Aircraft usually have a CG range, not just one particular spot. Cubs, scale or not, have a wide CG range. Sailplanes usually do not. Our wide CG range makes it easy to modify and fly the plane. I wouldn't doubt if this model has a range of an inch or slightly more! In model aviation, that's huge. My giant slope delta Messerschmitt P.1111 has a CG range of about 3/8".
If your aircraft is more rear-CG heavy, ie. you make a nifty airplane balancer thingy as seen in previous posts and your ship balances about 2" back, your Cub will be quite lively and maneuverable, ie unstable. If you move the CG forward by adding nose weight or removing weight near the tail, ie tailwheel or battery mods, you'll find her to be nice and sedate.
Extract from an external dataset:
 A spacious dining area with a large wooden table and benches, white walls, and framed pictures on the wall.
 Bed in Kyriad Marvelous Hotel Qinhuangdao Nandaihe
100% scale example: when we test fly our production aircraft, we do cross-control (full OPPOSITE rudder and aileron) stalls at most forward CG and most aft CG, power on and power off, with flaps at all three settings! Full aft CG, 40 degrees of flaps, power on stalls are the most violent. An aircraft is considered "out of tolerance" if (follow closely) pitch, yaw OR roll changes by... 90 degrees.
I flew back seat during one of these test flights because they needed the aft weight and we ran out of 25 lb shot bags. The plane stalled, immediately dropped the nose 40 degrees, rolled onto it's right side 85 degrees, and yawed 77 degrees.
Barf bags: don't leave home without them!
Win if you can, lose if you must, but always cheat.
Post by sackohammers on Dec 24, 2007 4:01:06 GMT 1
Unfortunately I haven't been able to fly it yet... so frustrating. Everytime I go to fly there is too much wind. I fly the cub instead... I don't mind the wind with that thing - its fun. But I'm trying to wait for a good day for the TM maiden. I think I've taken it to go flying about 8 times now and still haven't gotten it up yet. Hehe, I hope my patience pays off.